In October 2017, I believe that I became the first Westerner to be refused entry, rather publicly, to Hong Kong on the direct orders of Beijing. The incident caused a media and diplomatic storm, and Hong Kong Chief Executive Carrie Lam, Beijing’s puppet-extraordinaire, accused me of being a serious threat to China’s national security.
There are several implications one can deduce from this.
First, the CCP and its quislings in Hong Kong are suffering a truly major insecurity complex. They need serious psychiatric counseling. They want the world to believe that China is the world’s new superpower, yet they’re terrified of one activist working with limited resources from his home in a suburb in London, and an organization that relies on the dedication of its team even more than the donations in its bank account.
Second, we in Hong Kong Watch take it, with all humility, as a badge of honor. While the organization has expanded rapidly in four years—from one part-time employee to a team of eight staff, a wide range of very eminent patrons, distinguished advisers and trustees in London, Washington, Ottawa, and with growing impact on policymakers across the European Union, the United Nations, Australia, New Zealand, and beyond—and while we have achieved some very significant policy breakthroughs, we are a tiny and young group simply chiseling away at our mission, to ensure that the world stands up, speaks out, and acts to help Hong Kong.

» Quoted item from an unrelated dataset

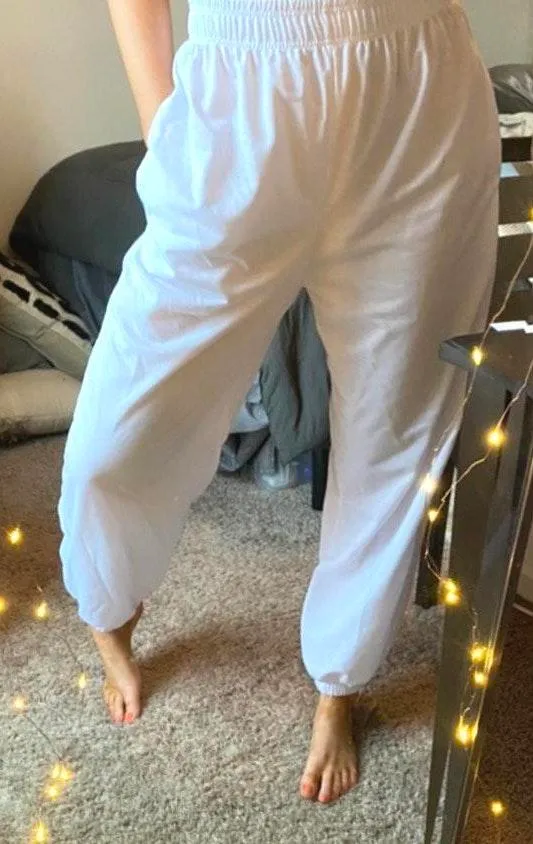 NWOT White Sweatpants Size XL - Image 2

But we are like David against Goliath. And yet in the back of our minds is always the memory that although Goliath was big, David showed that if you aim carefully, just one shot from a slingshot can change the world. The bullies and butchers in Beijing know that, and that’s why they’re trying to shut us down.
We shouldn’t have to experience that while living in a free society, but that’s the nature of the fight for freedom. So we must not and will not be silenced. Now more than ever, we must use our voices to speak out for those in Hong Kong who can no longer speak out.
Fourth, although the dangers to us are minimal, and we will not be scared into silence, we must not be naïve. What the CCP and its Hong Kong henchmen have done to me and my team at Hong Kong Watch, they could do now to anyone.
The regime never just picks off one activist or one organization. As we can see from Hong Kong over the past two years, it has dismantled civil society, independent media, pro-democracy opposition, trade unions, academic freedom, freedom of protest, freedom of expression, and is now poised to attack religious freedom.
In the same way, if the free world—through our apathy, naivety, materialism, greed, or stupidity—lets it, the CCP will go after others. The attack on me and Hong Kong Watch is just a test case.
If our governments are limp in their response, then other foreign civil society groups, media organizations, websites, politicians, and critics will become targets. And of course, several Western legislators have already been sanctioned, exiled dissidents threatened, and activists harassed, so the trajectory is clear.
Unless we stand up to these threats, Xi Jinping will accelerate his steamroller throughout the free world. While Vladimir Putin’s guns, tanks, and bombs may have stalled in their impact in Ukraine–despite huge human carnage and tragedy—Xi’s quiet thuggery may break through if we don’t wake up and stand up to it.
So then, what do we do?
We need to completely recalibrate our China policy. In the past few years, across the world, there has been to varying degrees, a reawakening and the beginnings of a rethink, and that is welcome. But we need the free, democratic world to come together—as we have done, at the eleventh hour, in response to Putin’s invasion of Ukraine—to respond to the challenge from Beijing.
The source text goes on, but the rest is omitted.